Danylenko was born in the village of Novo-Mykhailivka in the Zaporizhya region. He began his scholarly activity as a student of local lore, then, in 1932-1935, studied at the Faculty of History in the Melitopol Pedagogical Institute. In 1939, became a graduate student in the Institute of the History of Material Culture attached to the Leningrad department of the USSR Academy of Sciences. During the first days of World War II, he volunteered for service in the army as a common soldier. He served in reconnaissance and worked his way up from cadet to major. He was wounded, awarded three orders and several medals.

From 1946 and to the end of his life Danylenko worked as a senior research associate in the Institute of Archaeology of the USSR Academy of Sciences. He headed several expeditions, and it took him a long time to defend his doctoral dissertation. He was hard to get on with, had been persecuted by his colleagues and adversities. His fascination with the mysterious themes, ignored by "normal researchers", complicated his life most of all.

In the 1950s Valentyn Danylenko discovered in the steppe near the Dnipro River the most ancient remnants of archaeological cultures (the burial mound culture, cord culture, hole culture, etc.), that since pre-war times modern science has considered precursors of the Indo-European and Indo-Iranian (Aryan) communities. At the same time, Danylenko paid attention to the co-existence of other cultures with ones mentioned above, marking out the "Azov-Black sea line of development of the steppe's eneolithic age" (i.e. Brazen-Stone age). A number of these tribes, traces of which have been tracked from the Danube region to Northern Mesopotamia and Asia Minor connected Trypillya with the Near-Eastern civilisations of 4000-3000 B.C. He also discovered that the earliest nomadic horsemen had travelled along this same route, and they had appeared in the steppes between the Ural Mountains and the Bug River at the first stages of the "hole" archaeological culture (i.e. Aryan community).

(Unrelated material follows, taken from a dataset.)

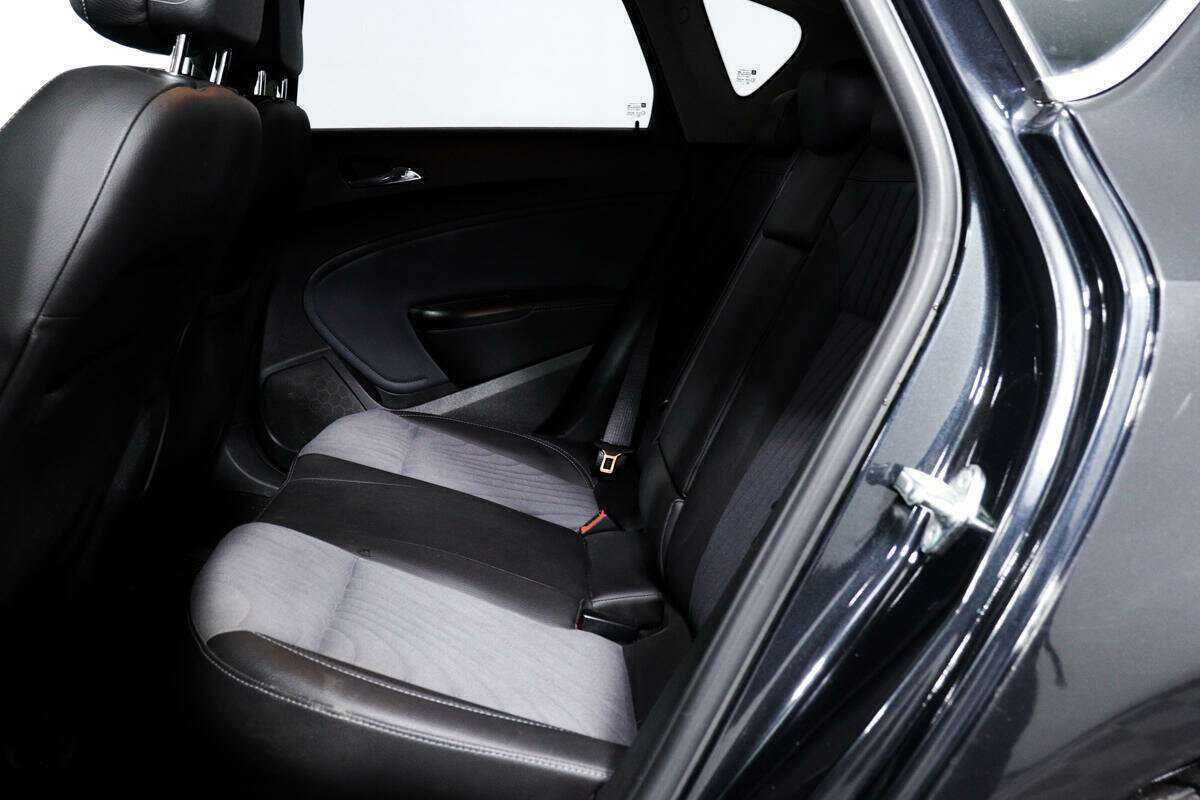 Купить Opel Astra с пробегом. Фото: #11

Danylenko generously shared his ideas. They were taken up and developed (not always referring to the real author) both by friends and by enemies from Kyiv, Moscow, and abroad. We can say for sure that his "Cosmogony of the Primitive Society", unpublished as a separate book, impelled the publishing of Cosmogony and Mythology of Eneolihic Age Farmers by B.O.Rybakov (Soviet Archaeology 1965, n.1-2) and The Gods and Goddesses of Ancient Europe 7000 to 3500 B.C. Myths, Legends and Cult Images by M.Gimbutas (New York, London, 1974)...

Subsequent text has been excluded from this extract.